Congress To Release Plans For Next Round Of Unemployment Help


Monday, July 27th 2020, 6:20 pm
By: Mallory Thomas


TULSA, Okla. -

Thousands of Oklahomans are still waiting to receive unemployment checks that are part of the federal CARES bill passed by Congress in March.

Those people want to know if they're going to receive those benefits, as Congress talks about a second round of federal pandemic unemployment assistance. 

Some people who were eligible for the first round of pandemic unemployment assistance said they still haven't received it and now they're worried about what a possible second round of unemployment assistance means for them.

OESC Interim Director, Shelley Zumwalt, said now the state is getting ready as Congress talks about approving a second round of federal unemployment assistance. 

"There was the framework for DUA which is disaster unemployment assistance, but it really wasn't built to handle the volume. So, I think that whatever is next we need to make sure that we have the infrastructure to execute it properly," said Zumwalt. 

In March, Congress passed the CARES Act. It added an additional $600 to unemployment checks to help people who lost their jobs during the pandemic. That extra money ended on July 25th.
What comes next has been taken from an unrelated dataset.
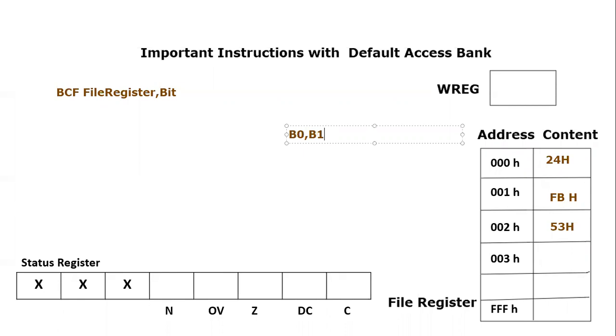And so on. So the maximum bit goes up to bit 7.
"I was pending. I couldn't apply for it even if I wanted to. I did everything in my manpower that was advised and recommended. They said call, go online, I did all those things. I've exhausted all efforts," said Vanessa Hicks. 

Hicks said she contacted OESC in April because someone filed a fraudulent unemployment claim in her name. Then, last month, she lost her job and said she hasn't received an unemployment check yet. 
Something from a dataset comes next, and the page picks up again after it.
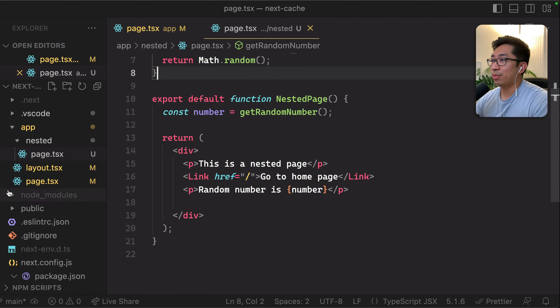There's a hint of this in the documentation for navigation. The documentation states there is some kind of client-side caching happening for server components — the new router has an in-memory client-side cache that stores the render result of server components. That's effectively why we have this problem: the page was prefetched and is now stored in a client-side cache.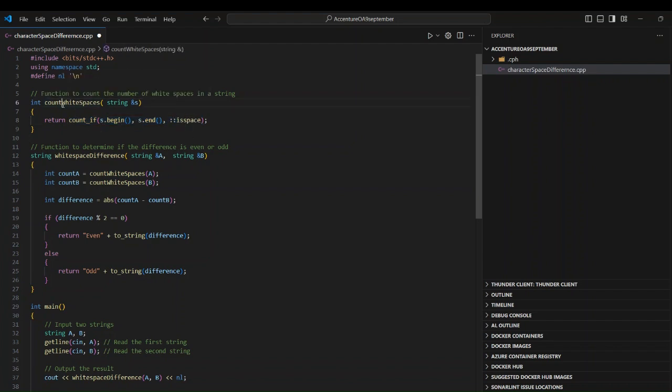After storing the whitespace counts in count_a and count_b respectively, we find the absolute difference using the abs function: abs(count_a minus count_b). Then we check whether this difference is even or odd using the modulo operator — if difference percent 2 equals 0, the number is even, otherwise it is odd.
"I would basically be valid for that, but for some reason because of this fraudulent claim it has prevented me from applying and being eligible," said Hicks. 

Zumwalt said Oklahomans like Hicks who qualified for the federal benefits, will still get that additional $600.

Zumwalt said she's not sure what Congress will decided to do this go-round. 

"If it's a pattern that we've already established or a process that we've already established so we don't have to re-invent the wheel is going to be easier for the state, but we're anticipating multiple things that could happen," said Zumwalt.